To qualify the above statements, there were a lot of variables involved in the decision-making process, contacts told Beef Central. Quality of the country available was a big factor, as was the variety of country available on one or a number of integrated properties in an enterprise.
And there would always be a cohort of ‘died in the wool’ grass bullock producers who would opt to move back into heavy slaughter steer production – no matter what.
Still referred to by some older stakeholders as ‘Jap ox’, there remain many beef producers in Queensland who hold an enormous sense of pride and achievement in turning off big, shiny, grassfed bullocks, 0-4 teeth, anywhere north of 320kg carcase weight, and sometimes closer to 400kg. Beef Central recently ran an advertisement from a Central Queensland bullock producer seeking processor offers for upwards of 500 grassfed ox, +600kg in liveweight.
One contact suggested generational change would also play a part in such decisions. He said younger producers who had recently taken over management responsibility from their previous generation, would likely be more receptive to major structural changes like this.
Price, and relative price
Price signals are obviously going to be a big, big factor in any decisions producers make about how they configure their operations.
This year, feeder steers have leapt to record highs, and the relativity with finished ox has changed dramatically.
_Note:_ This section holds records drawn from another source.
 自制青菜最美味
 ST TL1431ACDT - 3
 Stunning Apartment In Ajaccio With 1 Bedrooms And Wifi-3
That’s being fuelled by exceptionally high demand from lotfeeders to fill pens, and service the booming international demand for quality grainfed beef. But history clearly shows that such comparisons can change quickly, and it takes a long time to turn around ‘the beef cattle breeding and growing ship,’ one contact said.
Beef Central recently asked MLA to come up with the graph published below, plotting heavy grass export bullock price versus feeder steer price on a c/kg liveweight basis.
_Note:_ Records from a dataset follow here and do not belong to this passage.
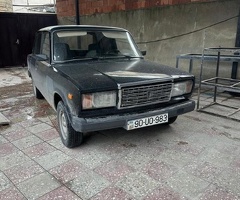 LADA (VAZ)  2107, 2011, 1.6L, 125555 km, Mexanika
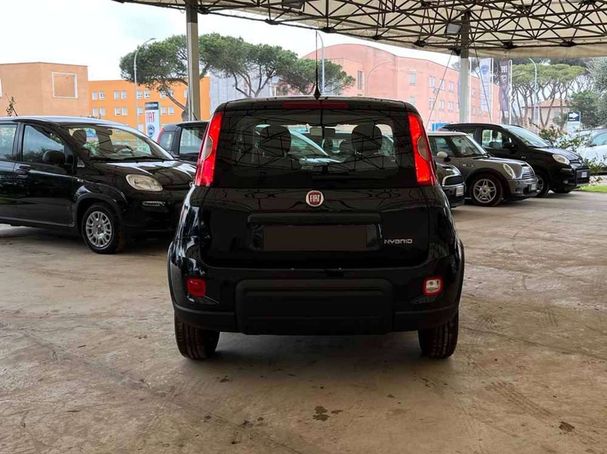 Fiat Panda 1.0 Hybrid 51 kW image number 8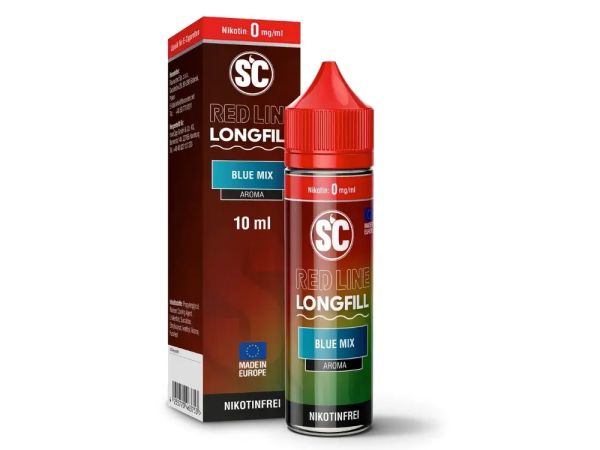 SC Red Line - Blue Mix Aroma 10ml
What is clearly evident is the large, and growing premium for feeder-weight steers (yellow plot line, and red dotted linear average line) over finished bullocks (green line, and blue dotted linear line) since 2017, and particularly since 2020. (More graphs at base of page).
For long periods in the not too distant past, a typical feeder steer was worth about half the price of a heavy export bullock, on a $/head basis. Compare that with the last 12 months, when the extraordinary rise in feeder prices, relative to finished ox, has meant that a 450kg feeder is often making just a few hundred dollars less than a full-grown meatworks bullock.
“It means it’s a no brainer to sell male cattle as feeders in the current market climate, rather than hold them for the extra year,” one supply chain manager said.
MLA no longer produces a feeder indicator for paddock sales, but the NLRS saleyards feeder indicator currently sits at 5835c/kg – somewhat down from its recent highs around 570c, but at least a dollar a kilo higher than this time last year. Heavy saleyard steers, in comparison were reported today at 447c/kg liveweight.
A key question is: How much would relatively prices have to change, in order for grassfed bullock production to come back into favour?
“It would have to move a very long way from where it is today,” one supply chain manager told Beef Central. “Feeders would have to lose a considerable amount of value; or grassfed meatworks bullocks would have to rise substantially – or possibly both,” he said
So are there any signs of the trend in the market already?
There are no easily accessible industry-wide figures for grassfed export steer kill in Australia, however anecdotally, while grassfed steer kill has fallen dramatically since before the drought, feeder steer numbers, as measured by cattle numbers on feed Australia wide, have remained remarkably stable, both during and after the drought, at around 1.1 million head.
MLA has filed a report this afternoon on a similar tack to the above, highlighting an interesting shift over the past decade in turn-off points for Queensland steers.
Analysis of yarding volumes across all Queensland saleyards for heavy steers showed a decline in overall throughput since January 2010 to March 2022. Meanwhile, feeder steer throughput has increased substantially, with increased capacity and demand for consistent product from consumers driving the sectors’ growth.